Task instructions - For the records below, output word for word the lines from the one with "Window display of" up to and including the one with "Hands hold open". No pictures.

[Study material Boundary: Start]

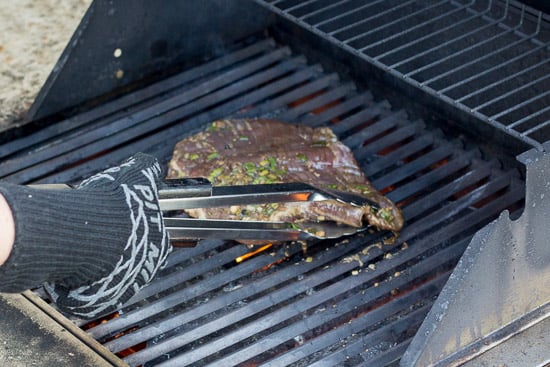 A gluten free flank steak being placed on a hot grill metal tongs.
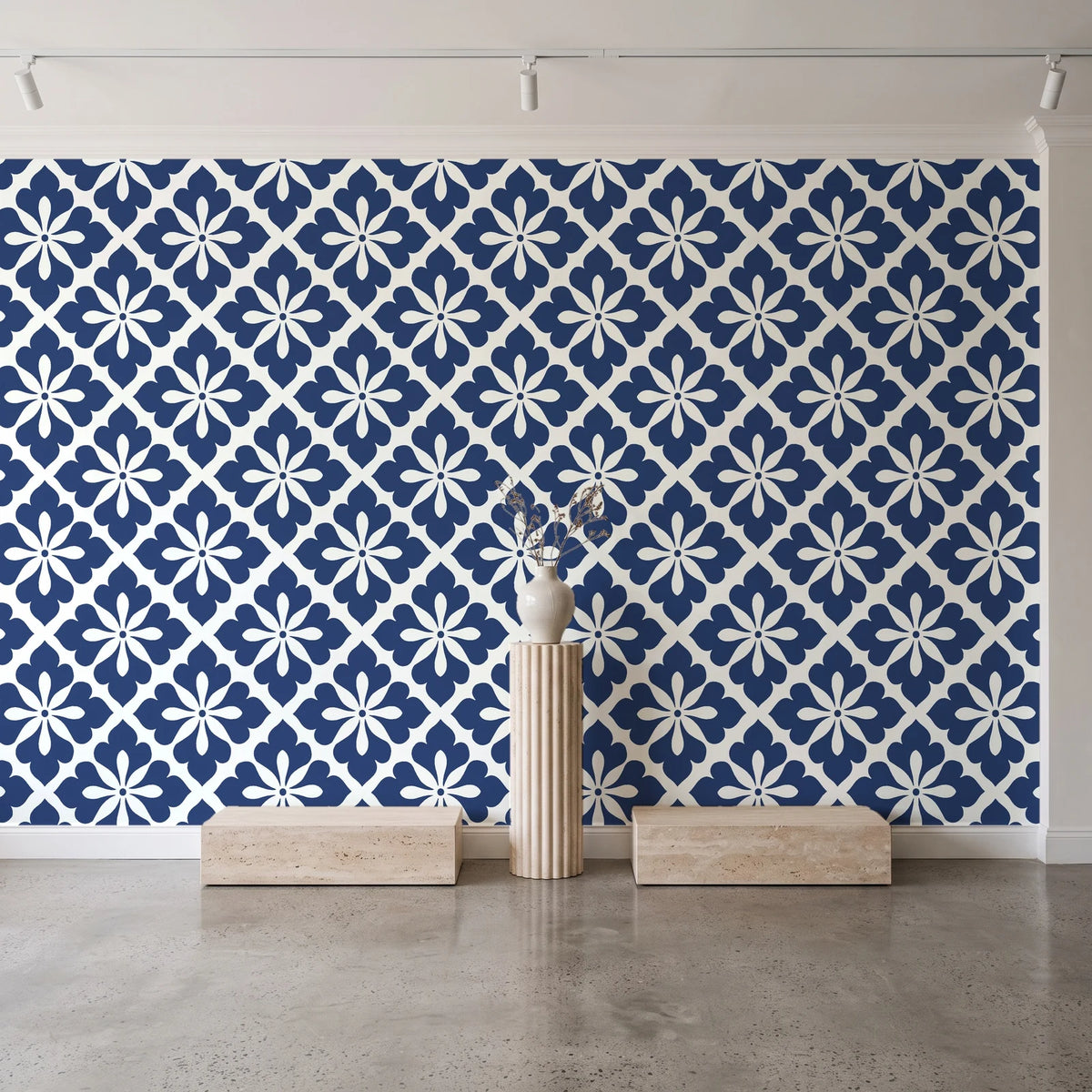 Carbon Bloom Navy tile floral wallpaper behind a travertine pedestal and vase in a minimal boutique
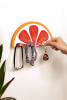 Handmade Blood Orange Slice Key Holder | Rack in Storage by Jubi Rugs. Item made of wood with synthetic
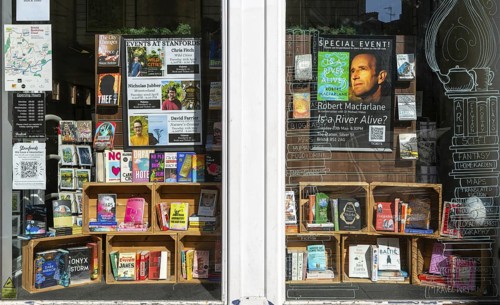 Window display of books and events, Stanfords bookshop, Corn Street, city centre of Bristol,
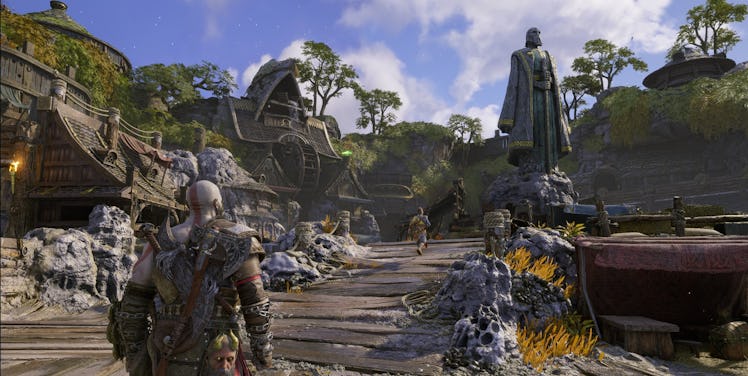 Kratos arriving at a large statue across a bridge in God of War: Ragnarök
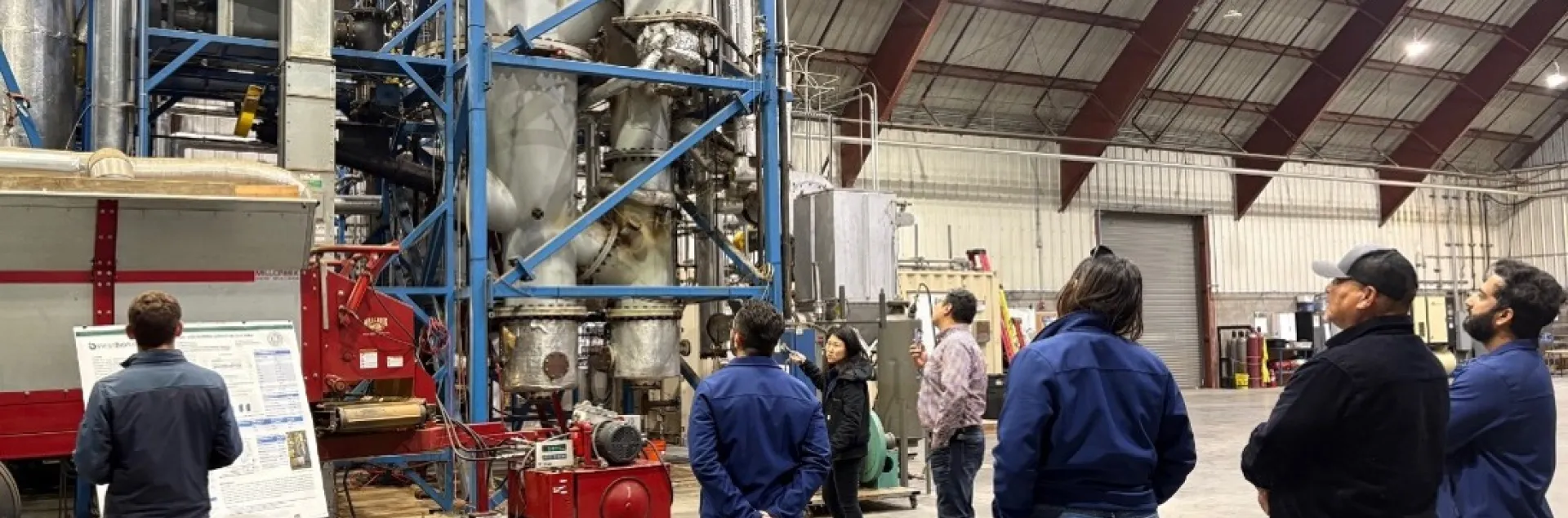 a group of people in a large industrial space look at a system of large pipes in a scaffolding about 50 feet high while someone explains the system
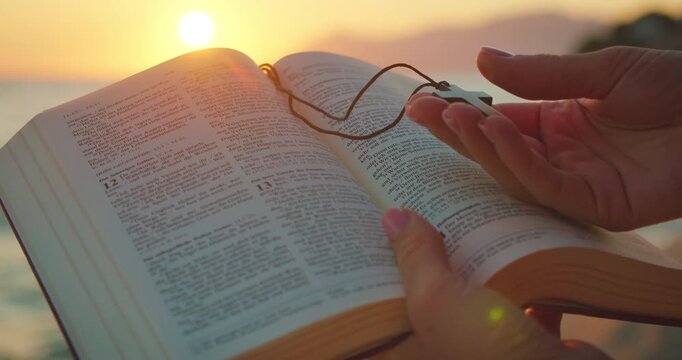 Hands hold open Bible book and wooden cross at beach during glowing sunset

[Study material Boundary: End]
[Study material Boundary: Start]

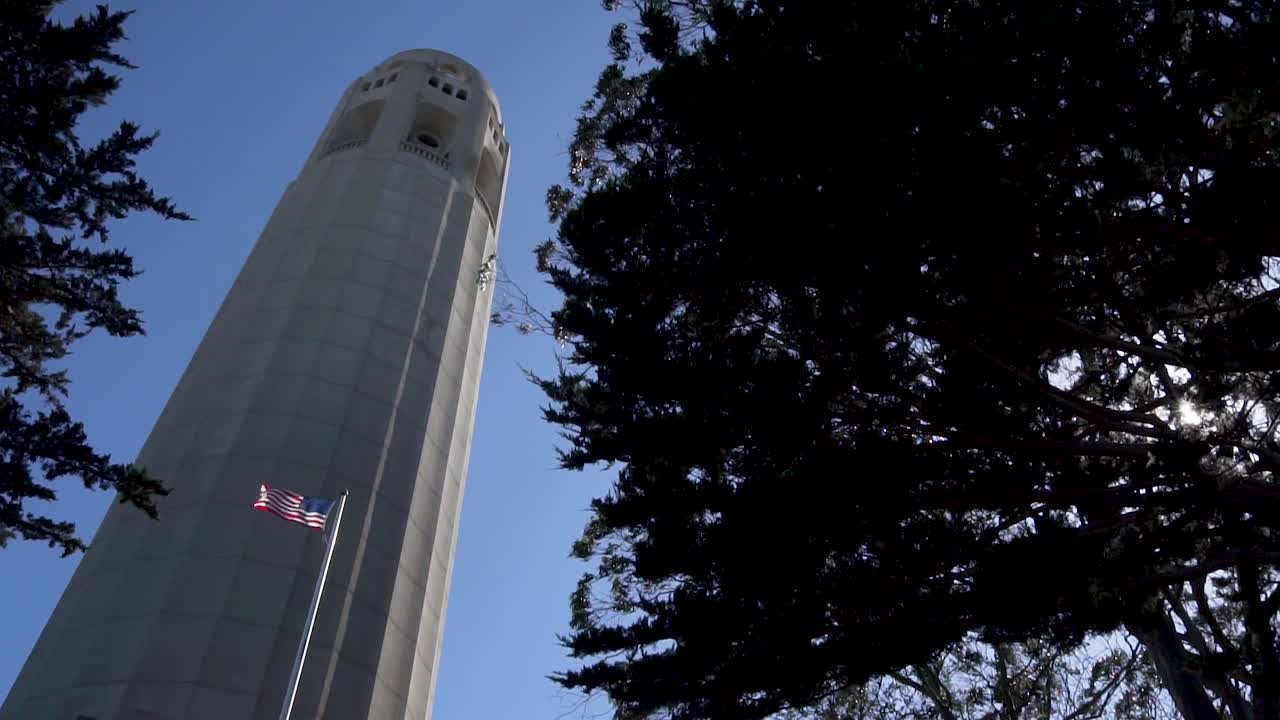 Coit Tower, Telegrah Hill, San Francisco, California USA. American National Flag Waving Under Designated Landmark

[Study material Boundary: End]
[Study material Boundary: Start]

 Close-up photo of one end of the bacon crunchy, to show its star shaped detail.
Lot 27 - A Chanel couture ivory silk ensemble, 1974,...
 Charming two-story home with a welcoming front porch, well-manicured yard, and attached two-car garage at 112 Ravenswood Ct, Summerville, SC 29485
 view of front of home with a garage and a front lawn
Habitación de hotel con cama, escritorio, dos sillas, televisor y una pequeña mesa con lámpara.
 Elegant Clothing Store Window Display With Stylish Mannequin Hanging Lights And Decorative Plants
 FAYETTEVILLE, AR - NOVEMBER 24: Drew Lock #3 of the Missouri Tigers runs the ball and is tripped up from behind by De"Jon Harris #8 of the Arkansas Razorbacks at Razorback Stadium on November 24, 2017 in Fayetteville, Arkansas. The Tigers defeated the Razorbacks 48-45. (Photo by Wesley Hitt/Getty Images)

[Study material Boundary: End]

Answer for this exercise -
 Window display of books and events, Stanfords bookshop, Corn Street, city centre of Bristol,
 Kratos arriving at a large statue across a bridge in God of War: Ragnarök
 a group of people in a large industrial space look at a system of large pipes in a scaffolding about 50 feet high while someone explains the system
 Hands hold open Bible book and wooden cross at beach during glowing sunset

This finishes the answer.